One of the poster horticultural children for fall flowering is the Chinese native, Hibiscus mutabilis. Because this plant has been shared so widely as a pass-along in deep south gardens, it picked up the common name, confederate mallow. The specific epithet name “mutabilis” was selected because many of the clones have flowers that emerge white, but age to pink on subsequent days.
Most forms typically start to flower for us about the time of our first frost, so we rarely have a long floral show. With a late first frost this year, the flowering show has been exceptional. When winter temperatures drop below 10 degrees, the trunks die to the ground, but in spring, they regrow quickly. In warmer climates where they don’t die back, they can easily reach 12′ to 15′ in height by the end of the growing season.
Below are a few of the seven forms we currently grow.

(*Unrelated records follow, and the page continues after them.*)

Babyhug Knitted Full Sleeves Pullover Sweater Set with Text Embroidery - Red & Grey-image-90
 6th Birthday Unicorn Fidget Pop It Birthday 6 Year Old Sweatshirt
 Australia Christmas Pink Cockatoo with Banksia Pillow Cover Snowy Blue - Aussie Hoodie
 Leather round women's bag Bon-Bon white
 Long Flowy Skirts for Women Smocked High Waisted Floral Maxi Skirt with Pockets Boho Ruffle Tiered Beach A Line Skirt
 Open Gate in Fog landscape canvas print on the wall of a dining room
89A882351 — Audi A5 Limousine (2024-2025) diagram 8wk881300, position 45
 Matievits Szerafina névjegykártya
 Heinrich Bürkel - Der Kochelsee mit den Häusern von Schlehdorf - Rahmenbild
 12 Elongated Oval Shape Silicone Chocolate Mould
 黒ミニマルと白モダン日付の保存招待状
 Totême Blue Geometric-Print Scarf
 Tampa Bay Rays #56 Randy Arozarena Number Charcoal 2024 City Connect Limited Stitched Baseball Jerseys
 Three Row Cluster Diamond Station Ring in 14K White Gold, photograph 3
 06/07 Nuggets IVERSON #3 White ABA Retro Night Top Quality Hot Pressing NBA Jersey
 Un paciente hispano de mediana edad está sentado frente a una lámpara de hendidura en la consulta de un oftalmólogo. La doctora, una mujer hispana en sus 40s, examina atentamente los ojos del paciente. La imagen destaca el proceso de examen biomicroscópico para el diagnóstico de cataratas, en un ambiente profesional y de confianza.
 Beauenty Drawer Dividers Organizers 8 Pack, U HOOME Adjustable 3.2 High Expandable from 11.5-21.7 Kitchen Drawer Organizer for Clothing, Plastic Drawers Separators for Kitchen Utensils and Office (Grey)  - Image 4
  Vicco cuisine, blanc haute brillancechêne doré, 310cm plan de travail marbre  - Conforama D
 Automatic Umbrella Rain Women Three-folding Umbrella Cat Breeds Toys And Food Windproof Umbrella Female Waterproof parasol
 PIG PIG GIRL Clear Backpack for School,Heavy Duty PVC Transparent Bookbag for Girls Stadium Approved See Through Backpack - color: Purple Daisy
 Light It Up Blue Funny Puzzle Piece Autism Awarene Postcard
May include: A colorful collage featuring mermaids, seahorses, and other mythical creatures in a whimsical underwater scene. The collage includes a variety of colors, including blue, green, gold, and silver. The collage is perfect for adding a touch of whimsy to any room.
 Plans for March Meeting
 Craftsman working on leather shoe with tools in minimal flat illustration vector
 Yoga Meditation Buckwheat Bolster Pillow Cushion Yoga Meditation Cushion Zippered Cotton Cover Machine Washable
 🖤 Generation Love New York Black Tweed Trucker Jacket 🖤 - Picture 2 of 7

There are fourteen named varieties in China, but to our knowledge, these don’t exist in the US yet.
Left to right, back to front are: a) Hibiscus ‘Tioga Party’, an early, heavy flowering giant; b) Hibiscus mutabilis ‘Plena’ emerges double white, and ages to double pink; c) Hibiscus ‘Alma’s Star’ emerges and remains double pink; front row; d) Hibiscus mutabilis un-named single white that changes to pink; e) Hibiscus mutabilis ‘Floraplena’, which emerges double light pink and remains pink; and f) Hibiscus mutabilis ‘Peony Pearl’, a new double pink cultivar closest to ‘Alma’s Star’. Not pictured is Hibiscus mutabilis ‘Nagoya White’, a single flowered form that flowers almost a month earlier, and remains white.
Below is our plant of Hibiscus mutabilis ‘Tioga Party’ in mid November this year.
I appreciate your daily post and enjoy the photos, but also you passion and dedication to horticulture.
Try crossing them, if you already haven’t with the H paramutabilis you used to carry. The white one crosses readily with the neighbors H syriacus to give intermediate progeny which appear to be fertile. H paramutabilis is hardy here in NY unlike mutabilis, alas I lost the Shanghai Red Eye to voles a couple of years ago but seedlings are growing nearby that I hope will turn out to be true and not the hybrid swarm with syriacus. If mutabilis would cross with paramutabilis you would get hardiness and earlier bloom from that most likely, making them useful over a wider growing area here.
We’d love to, but we lost our H. paramutabilis during a particularly cold winter. Amazed to hear that it’s thriving in NY. I think ours died when we had 10 straight days that never got above freezing.